▶

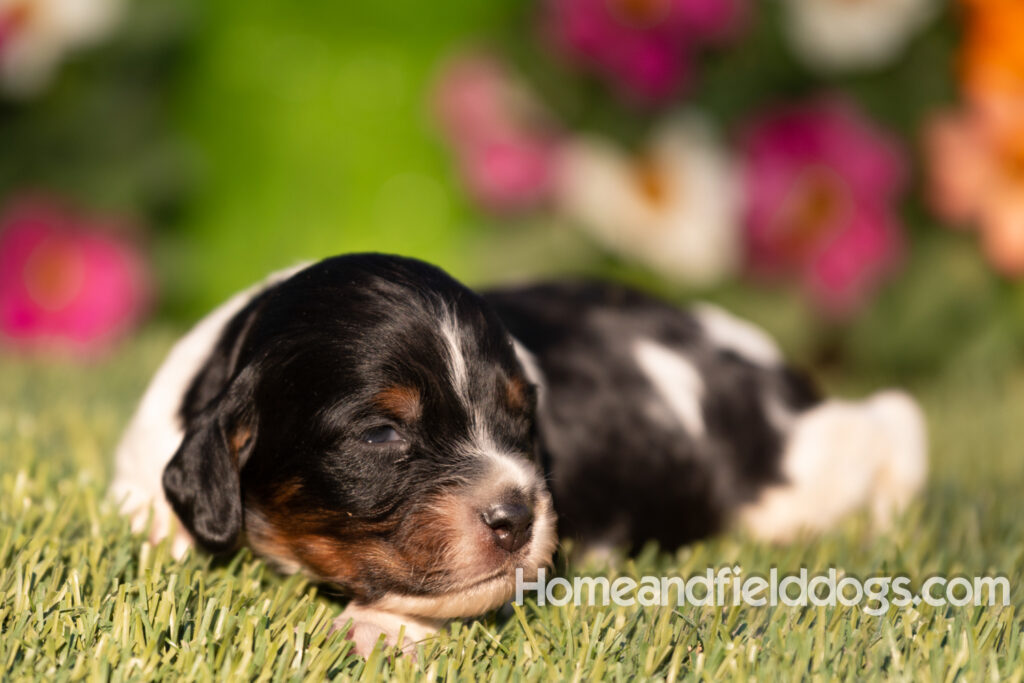 Baby French Brittany puppies two weeks old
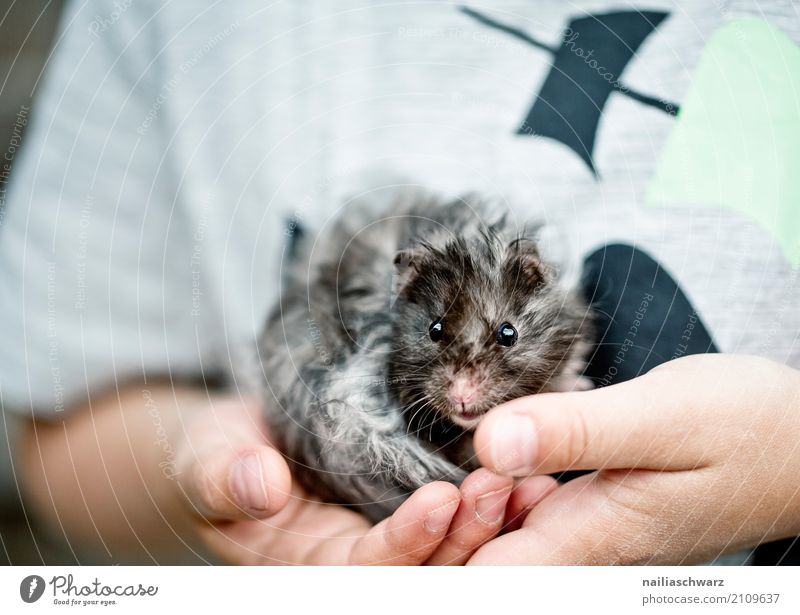 kleines Meerschweinchen schön Sommer Kind Hand Finger Tier Haustier Hamster Nagetiere 1 beobachten festhalten Blick Spielen Umarmen kuschlig nah natürlich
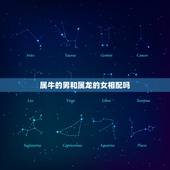 属牛的男和属龙的女相配吗，属牛和属龙相配吗？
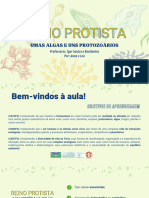 Aula 03 - Reino Protista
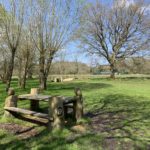 Photo of a picnic table in a green meadow, trees around the edge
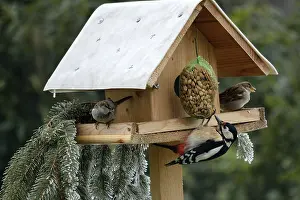 Bird feeder with great spotted woodpecker and two sparrows
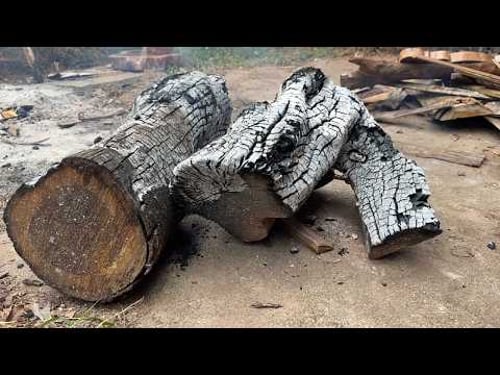 He Rescued This Half-Burned Log... The Result Is BEYOND Words! 🪵🔥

◀

- **WORK ORDER**:
Nothing but the records above, retyped exactly and stripped of images, should appear in the answer.

- **YOUR RESPONSE**:
 Baby French Brittany puppies two weeks old
 kleines Meerschweinchen schön Sommer Kind Hand Finger Tier Haustier Hamster Nagetiere 1 beobachten festhalten Blick Spielen Umarmen kuschlig nah natürlich
 属牛的男和属龙的女相配吗，属牛和属龙相配吗？
 Aula 03 - Reino Protista
 Photo of a picnic table in a green meadow, trees around the edge
 Bird feeder with great spotted woodpecker and two sparrows
 He Rescued This Half-Burned Log... The Result Is BEYOND Words! 🪵🔥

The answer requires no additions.